Pop also had a great sense of humor and he delighted in telling and retelling some of the silliest jokes you’ve ever heard. He always called me “Will-yam” even when he greeted me on my last visit to see him at the nursing home. When we got together, he loved to catch me up on the latest details of his new tools, computers, books, or projects. On more then one occasion, his enthusiasm boiled over, and he looked at me with a twinkle in his eye, turned sideways, stuck a thumb in his belt, and said, “And … can you tell I’m about to lose some weight?”
He loved recounting an incident from his teaching years: One day he noticed that some students walking by his room seemed to be laughing at him. When he questioned them, one asked, “Mr. Zarchy, is it true what Mr. Coleman said about you changing your name?”
Jerry Coleman was Pop’s good buddy, and quite a jokester, so Pop asked them warily what Jerry had said.

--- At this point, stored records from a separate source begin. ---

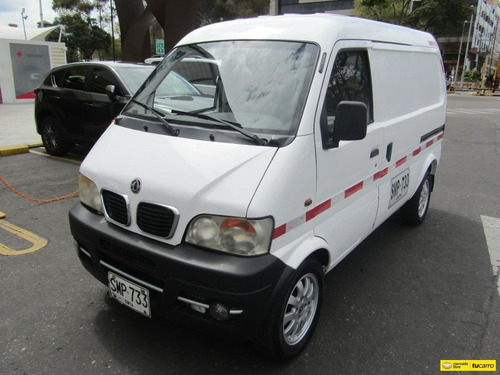 Dfm Van Carga Eq5021xxyf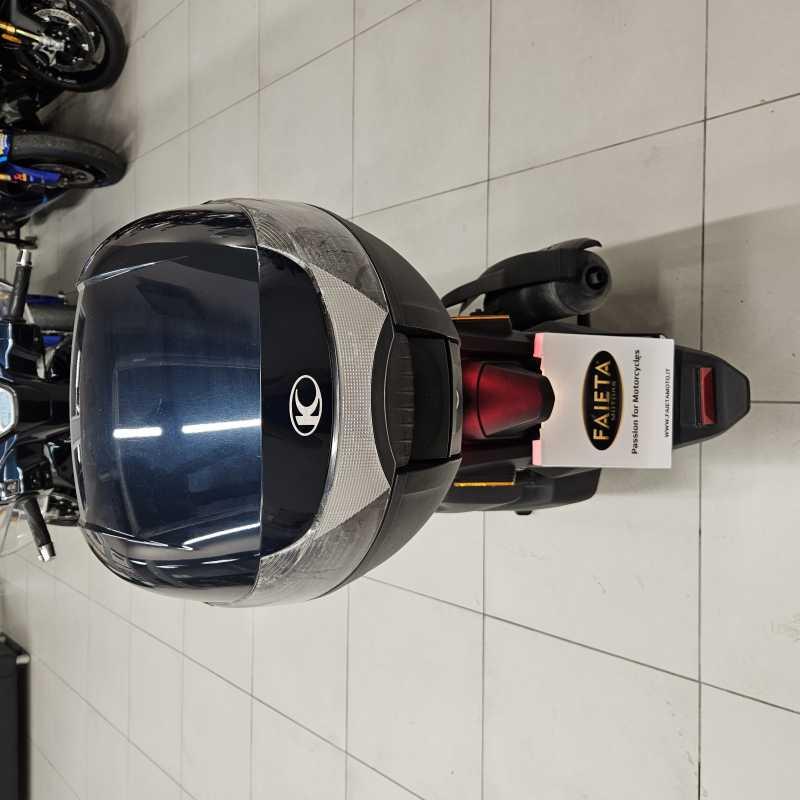 Kymco People 200i S - 2024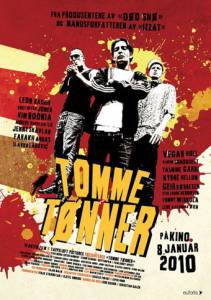   - Tomme tnner - [2010]   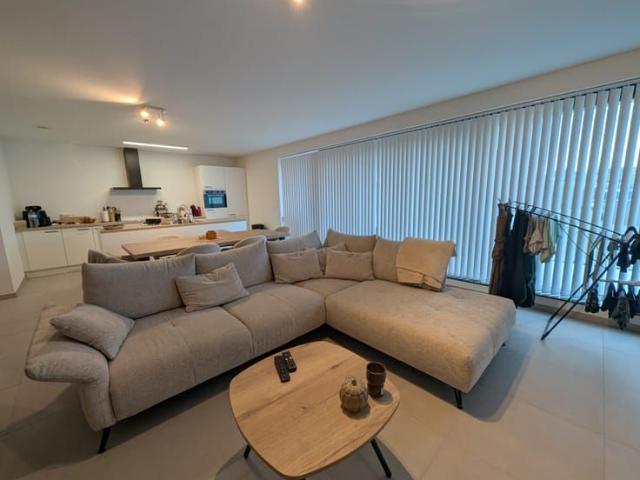 Appartement location à Burst, Oost-Vlaanderen
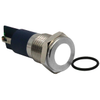Panel Indicators, Pilot Lights - 2449-IN12ASMWNC-ND - DigiKey
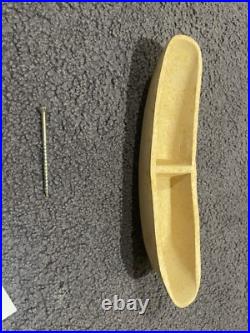 RARE MARINA Model Ship Weekend Kit 175 BI 18002 Nautical Instructions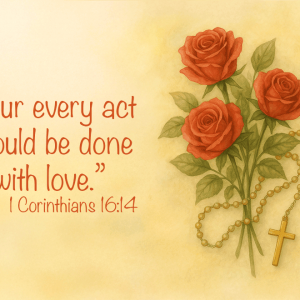 Valentines Day Enrollment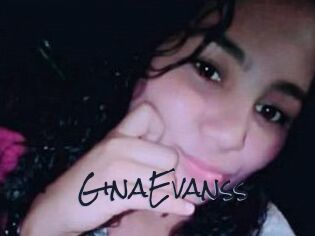 GinaEvanss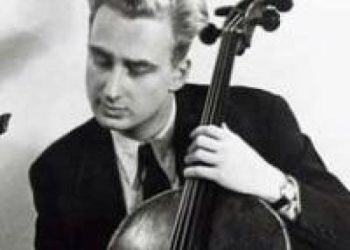Arthur Vinograd
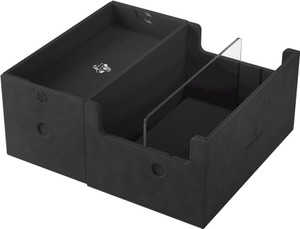 Games' Lair 600+ Convertible Black Gamegenic Games' Lair 600+ Convertible Black Gamegenic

“Well,” said the student, “Mr. Coleman said your name was originally Archibald Zarchibald, but you shortened it to Harry Zarchy.”
On my last visit with him, I told him I had just interviewed Bill Clinton and was about to go meet Gerald Ford. “They named a theatre after him,” he replied.
“You mean Ford’s Theatre, where Lincoln was shot?” I laughed. He grinned, happy that I’d gotten the joke.
It wasn’t always easy growing up as the son of a Renaissance man. Occasionally he was gruff with me, if I didn’t live up to his expectations or his standards or his amazing energy level. Pop played semipro soccer for a short time in his youth, and I felt I could never be the athlete or outdoorsman he was. He was a musical snob, and sometimes we clashed about that. He loved only classical music and jazz written before 1945. Rock and roll was based on jungle rhythms, he told me, and therefore it wasn’t music at all. “All the experts agree,” he would say.
But I never doubted his love for me for a second, and our relationship smoothed out as I grew out of my adolescence. Also, I started dating in high school, and I became more diligent about cutting the grass and doing other chores on time, so that I could be sure about borrowing the car.
Pop never questioned my choice of career as a cameraman. In recent years, I have grown aware of how much of him is in me, as I have started writing and teaching too. But when I was younger, I had to find something to do with my life that was outside of his experience, because he did know so much about so many things. He always asked me about my work, and one time he told me he hoped I would get to shoot a big movie some day.
Well, that day has still not come, but I did get to shoot an episode of a big TV show recently. I told him a lot about it on my last visit here to see him a couple of weeks ago, but unfortunately, he didn’t get to see it. After the show aired Wednesday night, I got an email from a friend who was enthusiastic about the program and knew of Pop’s passing. He ended it this way:
“Bill, I know it must have been a bittersweet experience for you to watch the show tonight after having just lost your father, but I kept thinking about how he would have kvelled at your success. Who really knows? Maybe he did… at least I would like to think so.”
For you kids out there, who only knew Poppy as an old man, you should know that he was a sweet, gentle, vibrant, brilliant, man, a great man, respected and admired by everyone he knew. His passing makes us all very sad, but it is not a tragedy. We are lucky to have had him so long. He had a long and fulfilling life, a fascinating and multifaceted career, and a great family. He and Nanny were married 64 years, and they delighted in their children, five grandchildren, and five great-grandchildren, and in the wonderful spouses their progeny have brought into the family.
He used to tell me that, when he was a kid, his family would get together to play music, sing and dance together, and have fun. The best way to celebrate his life is for us to do the same thing. Music, singing, fun. That way his memory and his legacy will live on in all of us for the rest of our lives.